* **Work instructions**:
All of the data should be restated word for word, with the pictures omitted.

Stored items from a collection
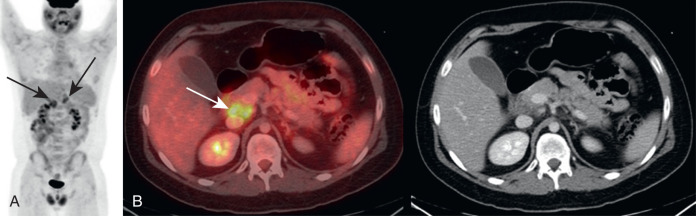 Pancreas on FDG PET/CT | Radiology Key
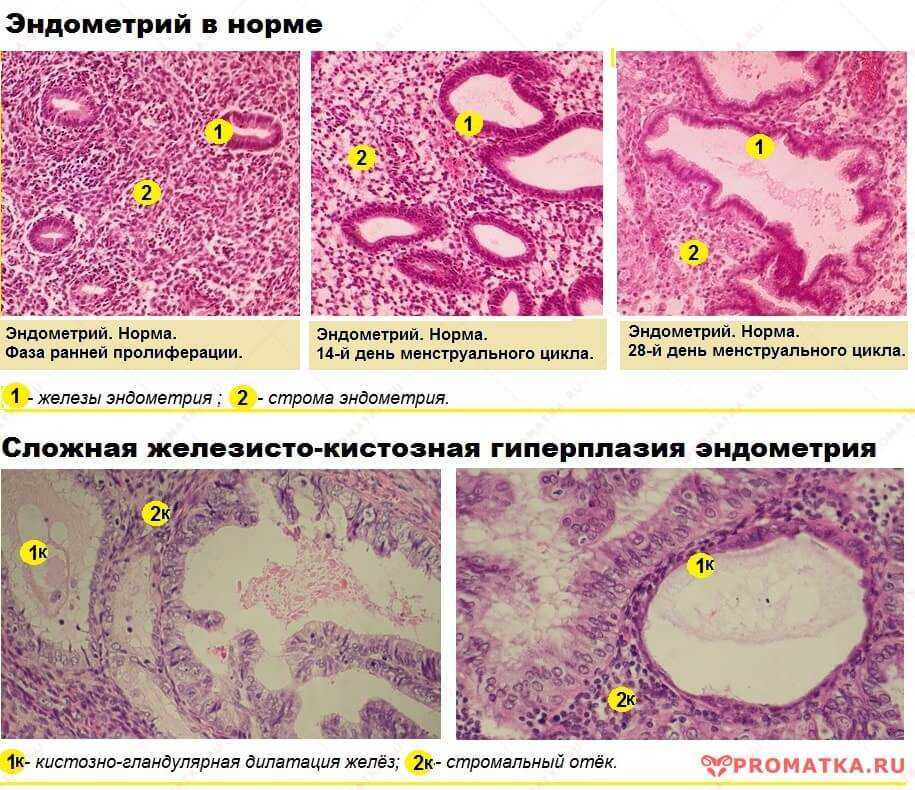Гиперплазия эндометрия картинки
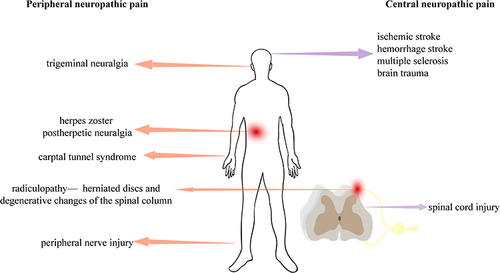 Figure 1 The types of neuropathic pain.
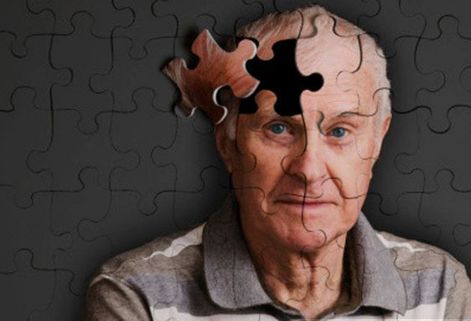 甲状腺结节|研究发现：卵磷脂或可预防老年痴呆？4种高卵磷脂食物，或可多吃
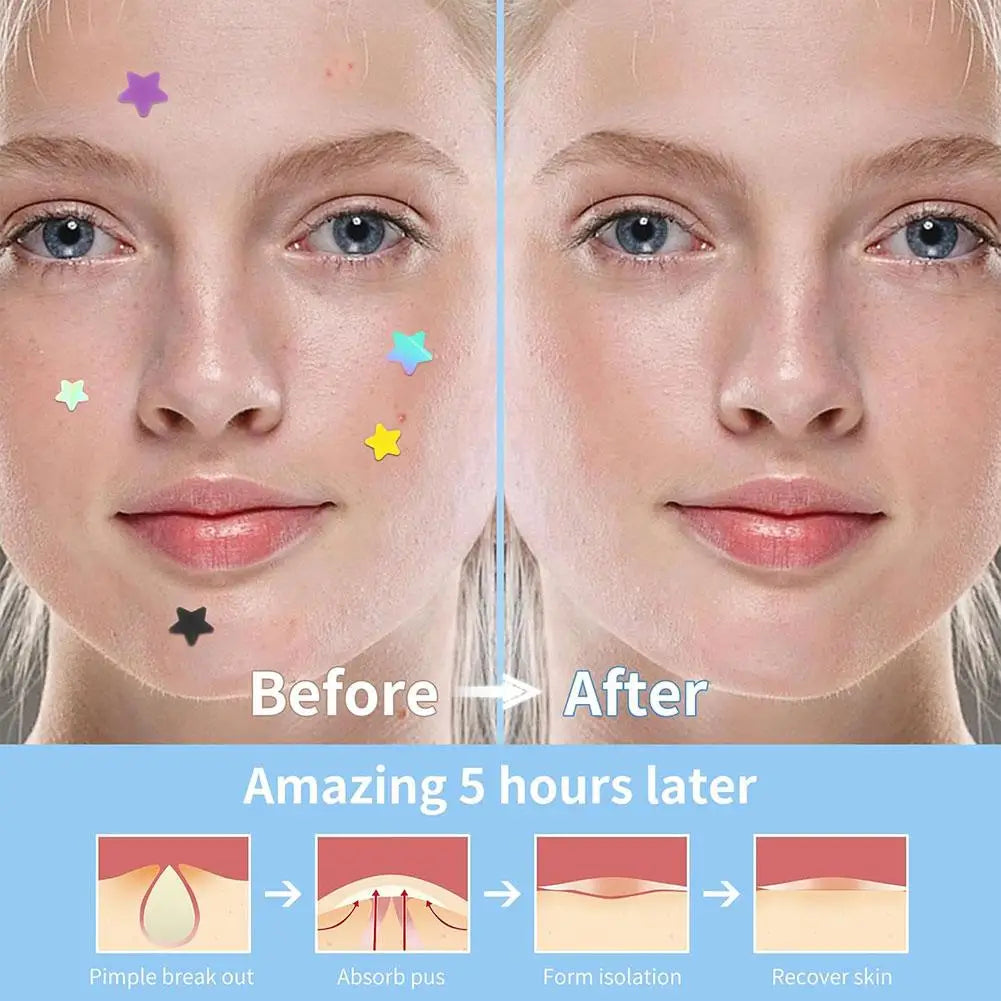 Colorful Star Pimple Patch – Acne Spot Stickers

* **Answer to the problem**:
 Pancreas on FDG PET/CT | Radiology Key
Гиперплазия эндометрия картинки
 Figure 1 The types of neuropathic pain.
 甲状腺结节|研究发现：卵磷脂或可预防老年痴呆？4种高卵磷脂食物，或可多吃
 Colorful Star Pimple Patch – Acne Spot Stickers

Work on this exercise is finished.